> [WHAT YOU SHOULD DO] Omitting all images, set down every line below exactly as it appears.

> [DATA EXCERPT]

>>

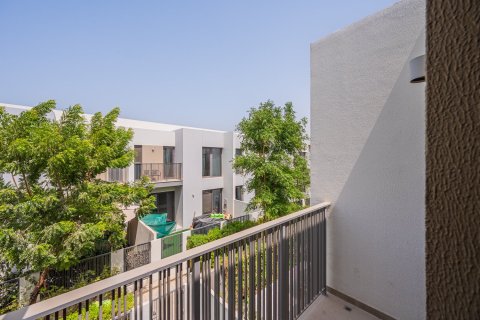 Townhouse in Tilal Al Ghaf, Dubai 3 bedrooms, 140.42 sq.m. № 142209 - photo 15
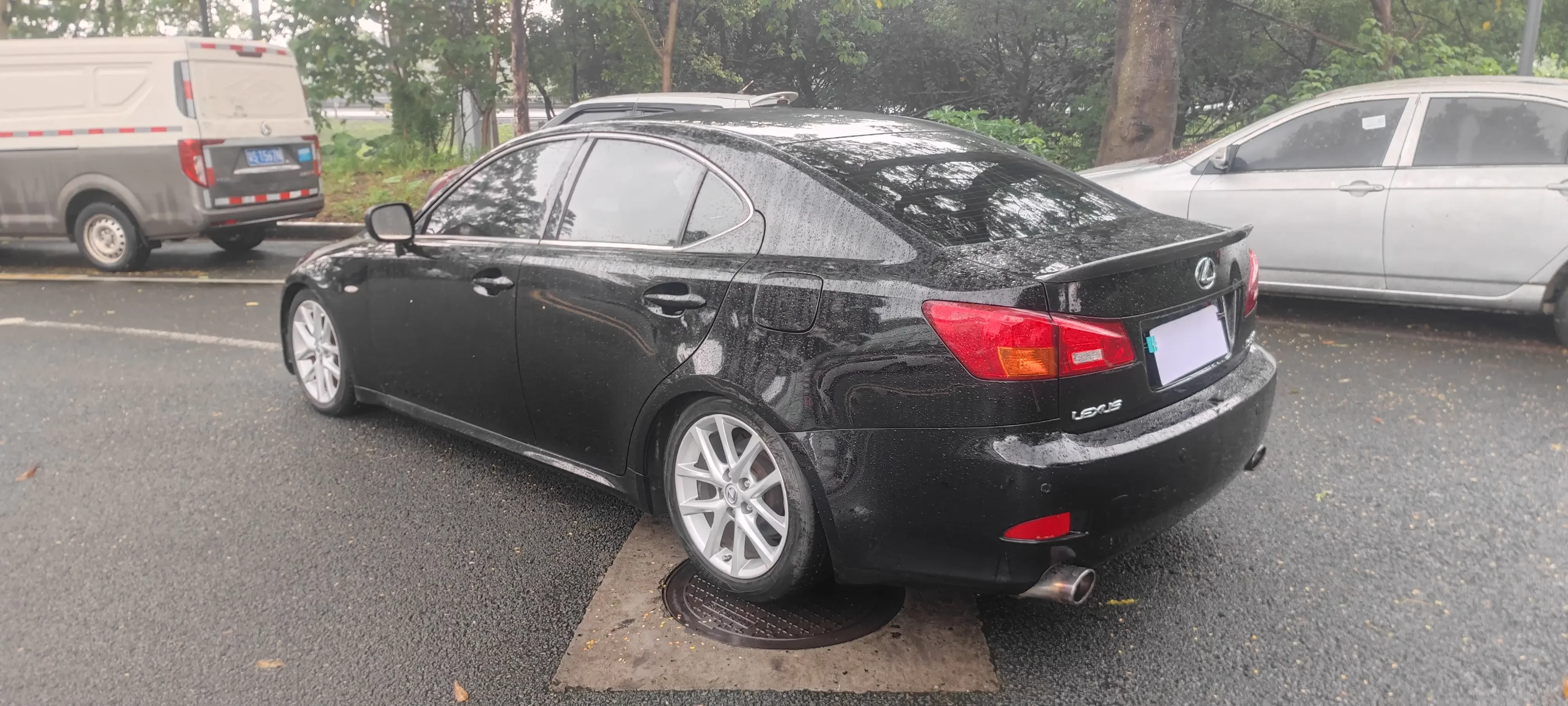 Lexus IS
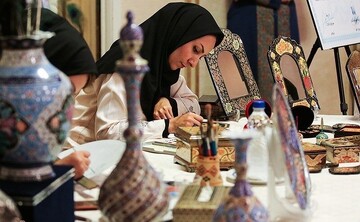 Qazvin craftswomen demonstrate skills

<<

> [TASK RESPONSE]
 Townhouse in Tilal Al Ghaf, Dubai 3 bedrooms, 140.42 sq.m. № 142209 - photo 15
 Lexus IS
 Qazvin craftswomen demonstrate skills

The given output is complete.